## Data below
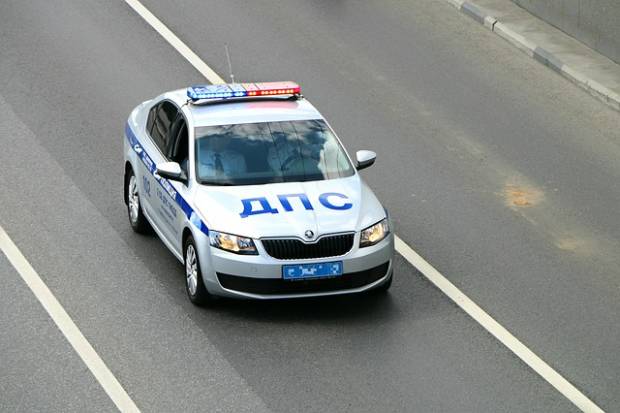 В Петербурге убегающий от погони пьяный водитель Audi протаранил две иномарки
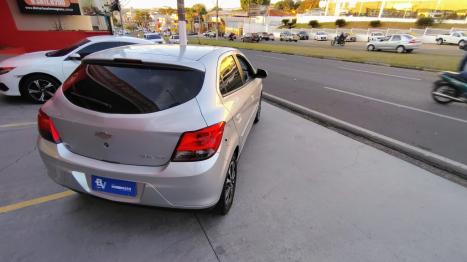CHEVROLET Onix Hatch 1.4 4P FLEX LTZ, Foto 8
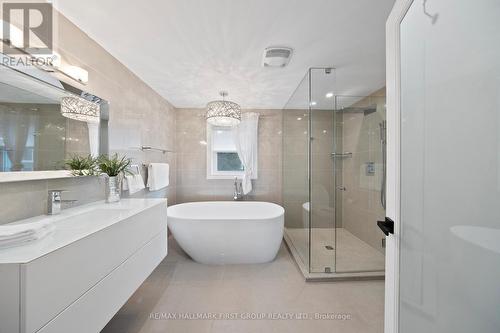 1760 Spruce Hill Road, Pickering, ON - Indoor Photo Showing Bathroom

## Your instructions
Copy out the lines above in full and unaltered, apart from the pictures.

## Result of the exercise
 В Петербурге убегающий от погони пьяный водитель Audi протаранил две иномарки
CHEVROLET Onix Hatch 1.4 4P FLEX LTZ, Foto 8
 1760 Spruce Hill Road, Pickering, ON - Indoor Photo Showing Bathroom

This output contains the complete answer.